Better names, better docs

scotts · scotts · commit 0d2492e9dd89 · 2025-11-07T18:40:47.000-08:00
diff --git a/src/torchcodec/decoders/_video_decoder.py b/src/torchcodec/decoders/_video_decoder.py
@@ -8,7 +8,7 @@
 import json
 import numbers
 from pathlib import Path
-from typing import Literal, Optional, Sequence, Tuple, Union
+from typing import List, Literal, Optional, Sequence, Tuple, Union
 
 import torch
 from torch import device as torch_device, Tensor
@@ -19,7 +19,7 @@
     create_decoder,
     ERROR_REPORTING_INSTRUCTIONS,
 )
-from torchcodec.transforms import DecoderNativeTransform, Resize
+from torchcodec.transforms import DecoderTransform, Resize
 
 
 class VideoDecoder:
@@ -67,6 +67,10 @@ class VideoDecoder:
             probably is. Default: "exact".
             Read more about this parameter in:
             :ref:`sphx_glr_generated_examples_decoding_approximate_mode.py`
+        transforms (sequence of transform objects, optional): Sequence of transforms to be
+            applied to the decoded frames by the decoder itself, in order. Accepts both
+            torchcodec.transforms.DecoderTransform and torchvision.transforms.v2.Transform
+            objects.

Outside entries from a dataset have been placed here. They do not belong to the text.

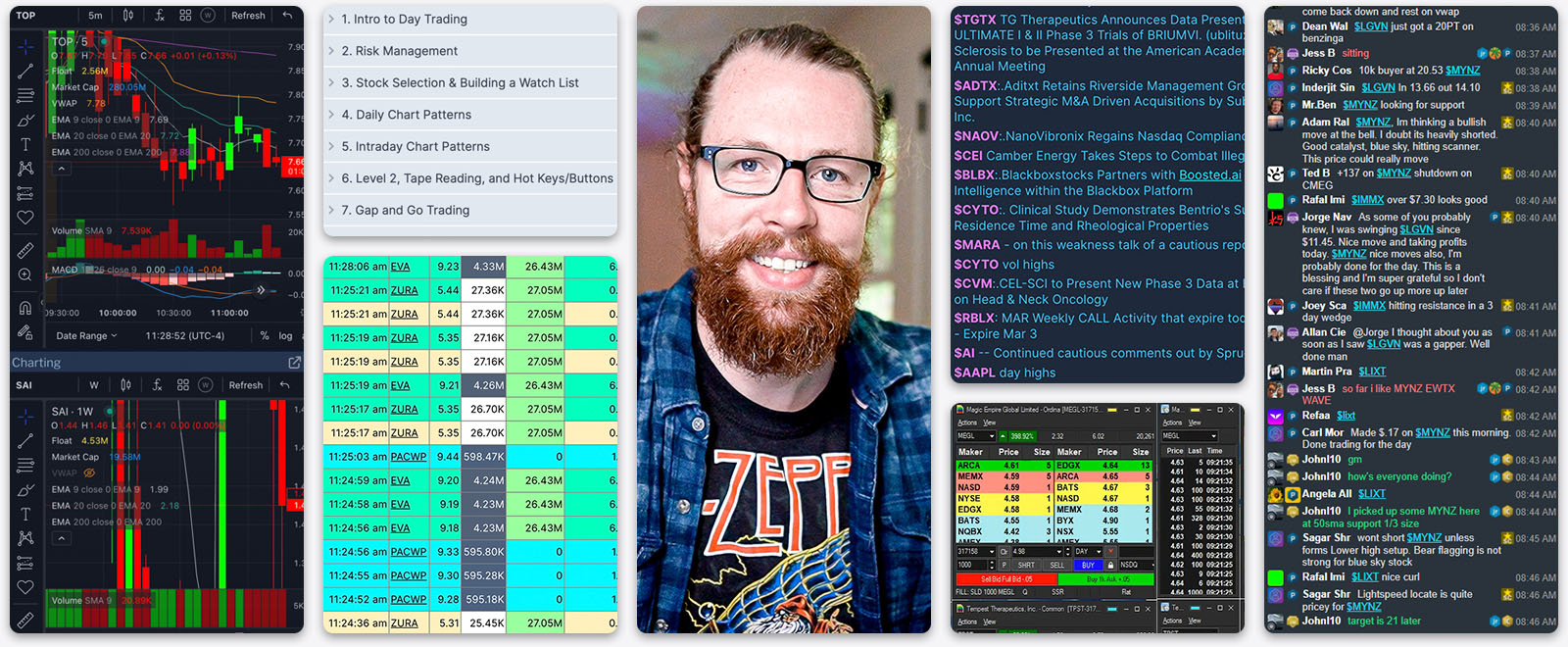 Warrior Trading: Inside The Mind Of An Elite Currency Trader - 三民網路書店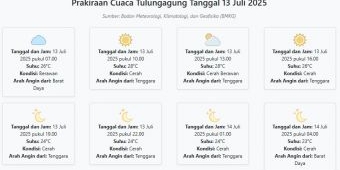 Prakiraan Cuaca Tulungagung Hari ini Minggu, 13 Juli 2025: Suhu 23-28°C, Kecepatan Angin 20.3 m/s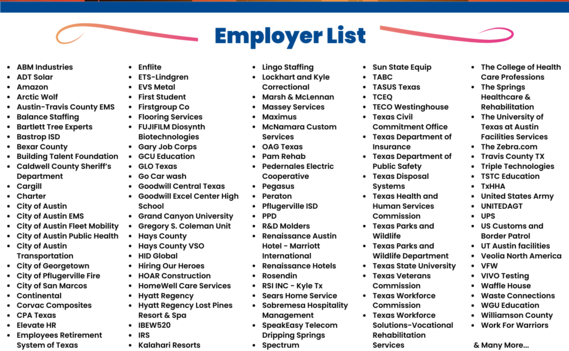 WSRCA HRWY Employer List 2022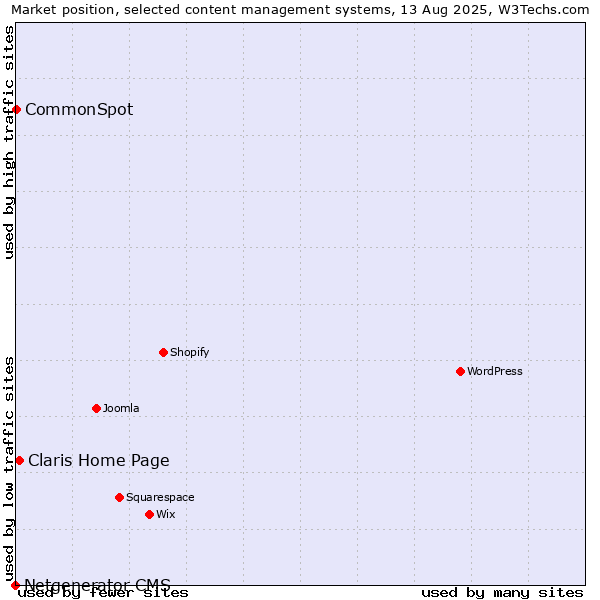 Market position of Claris Home Page vs. CommonSpot vs. Netgenerator CMS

All transforms are applied in the ouput pixel format and colorspace.
         custom_frame_mappings (str, bytes, or file-like object, optional):
             Mapping of frames to their metadata, typically generated via ffprobe.
             This enables accurate frame seeking without requiring a full video scan.

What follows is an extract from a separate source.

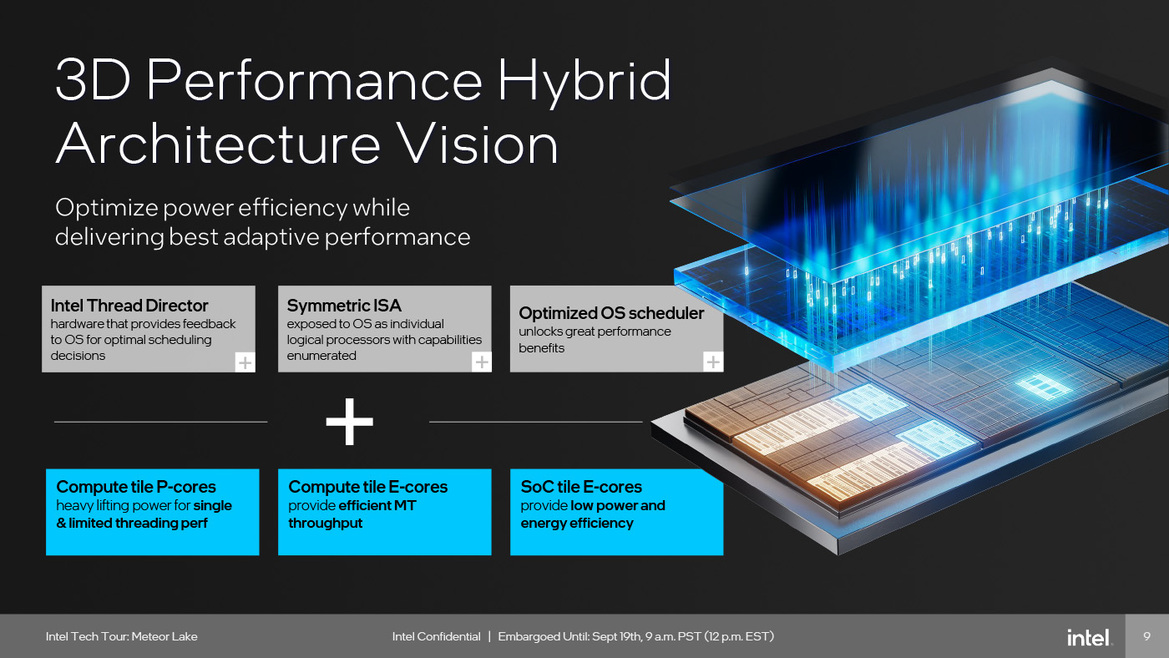 Meteor Lake Architecture Revealed: AI, Tiles And The Future Of Intel Core CPUs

@@ -104,8 +108,8 @@ def __init__(
         dimension_order: Literal["NCHW", "NHWC"] = "NCHW",
         num_ffmpeg_threads: int = 1,
         device: Optional[Union[str, torch_device]] = "cpu",
-        transforms: Optional[Sequence[DecoderNativeTransform]] = None,
         seek_mode: Literal["exact", "approximate"] = "exact",
+        transforms: Optional[Sequence[DecoderTransform]] = None,
         custom_frame_mappings: Optional[
             Union[str, bytes, io.RawIOBase, io.BufferedReader]
         ] = None,
@@ -437,15 +441,23 @@ def _get_and_validate_stream_metadata(
     )
 
 
-# This function, _make_transform_specs, and the transforms argument to
-# VideoDecoder actually accept a union of DecoderNativeTransform and
-# TorchVision transforms. We don't put that in our type annotation because
-# that would require importing torchvision at module scope which would mean we
-# have a hard dependency on torchvision.
-# TODO: better explanation of the above.
 def _convert_to_decoder_native_transforms(
-    transforms: Sequence[DecoderNativeTransform],
-) -> Sequence[DecoderNativeTransform]:
+    transforms: Sequence[DecoderTransform],
+) -> List[DecoderTransform]:
+    """Convert a sequence of transforms that may contain TorchVision transform
+    objects into a list of only TorchCodec transform objects.
+
+    Args:
+        transforms: Squence of transform objects. The objects can be one of two
+        types:
+                1. torchcodec.transforms.DecoderTransform
+                2. torchvision.transforms.v2.Transform
+            Our type annotation only mentions the first type so that we don't
+            have a hard dependency on TorchVision.
+
+    Returns:
+        List of DecoderTransform objects.
+    """
     try:
         from torchvision.transforms import v2
 
@@ -455,11 +467,11 @@ def _convert_to_decoder_native_transforms(
 
     converted_transforms = []
     for transform in transforms:
-        if not isinstance(transform, DecoderNativeTransform):
+        if not isinstance(transform, DecoderTransform):
             if not tv_available:
                 raise ValueError(
                     f"The supplied transform, {transform}, is not a TorchCodec "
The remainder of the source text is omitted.